AI Telco Operations: More value in, more value out

Running large telecommunications networks has always been a complex and costly undertaking. So, it’s no surprise that operators are looking to AI to help them control costs and improve quality for their end-users. In particular, AI promises to help telcos in three critical areas of their operations: 

  • Network planning
  • Network optimization
  • Fault resolution

 Network planning 

Network relies on historical data to predict growth and trends and enable operators to keep pace with demands. But it’s hard for human planners to identify new trends and deviations from previous patterns. AI can add a new level of responsiveness and correlate many more factors than has previously been possible, to trigger capacity upgrades in certain locations, for example. 

Network optimization 

Network optimization balances subscribers and traffic across the available infrastructure to cost-effectively deliver high-quality service. Traditionally, telcos had to optimize their networks manually, but with thousands of nodes, many different equipment types, and millions of subscribers, it is both labor-intensive and impossible to approach 100% efficiency. AI systems can help operators take advantage of real-time data on a highly granular level to predict user behavior and optimize the network accordingly. 

Fault resolution: detection, root-cause analysis and prediction 

Faults and equipment failures are inevitable in any telco network, and this is an area in which AI can play a key role. AI can help detect faults that are not initially obvious, and also identify complex root-causes. Perhaps most importantly, AI brings the potential to predict and resolve faults before they have even happened. 

AI in a disaggregated network 

But if the potential for AI to revolutionize telco operations is immense, AI can only ever be as good as its input data. And fortunately, there is a parallel shift happening to telco infrastructure that can provide a step-change in the way AI can extract data from the network. That shift is toward network disaggregation, where open hardware and software are sourced separately and independently of one another. Why does that matter to AI? Quite simply, because disaggregation provides the easiest, largest and fastest source of data extraction for AI systems to consume. 

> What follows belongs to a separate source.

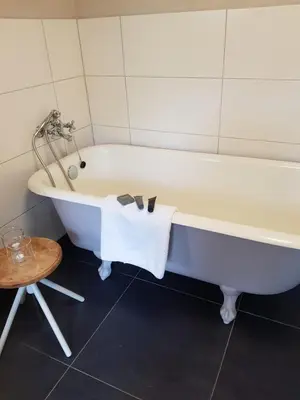 a white bath tub in a bathroom with a table at Bed and breakfast Mooi Achel in Achel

Modern disaggregated network operating systems, like those from RtBrick, can supply more information than has ever been possible. Every piece of conceivable data can be extracted, from packet forwarding statistics to the speed of the fans on the underlying hardware. 

It’s also far simpler to extract the data than from traditional monolithic network systems, using open APIS. RtBrick’s NOS (Network Operating System) goes even further, by storing every single piece of data in a single common data store, allowing a common telemetry process to extract anything that is desired in the same way. 

The NOS can also move from pull to push mode. An AI system can subscribe to any event and receive instant notifications, so it can respond faster to imperceptible changes in the underlying network. 

A modern NOS, like RtBrick’s, runs distinct microservices, one for a routing protocol, and another for a management function, for example. This gives the AI systems visibility into all the functions that go on within and between these microservices, allowing the, to learn behavior from individual processes or correlate interactions between them and other network events. 

So, a modern disaggregated router can enable individual subscriber data to be associated with access-line information to predict failures at the optical level. Intermittent instability of link state tables can be used to diagnose root causes of issues in the core and avoid subsequent catastrophic failures. Hardware fan speeds can help predict when resources will need to be upgraded. And every available data point can contribute to identifying and preventing DoS (Denial of Service) attacks. 

So, as the old saying goes, if you put garbage in, you get garbage out. And when it comes to AI operations, the converse is also true. The more value you can input into your AI system, then the more value you will get out. And with disaggregation, that just got a whole lot easier.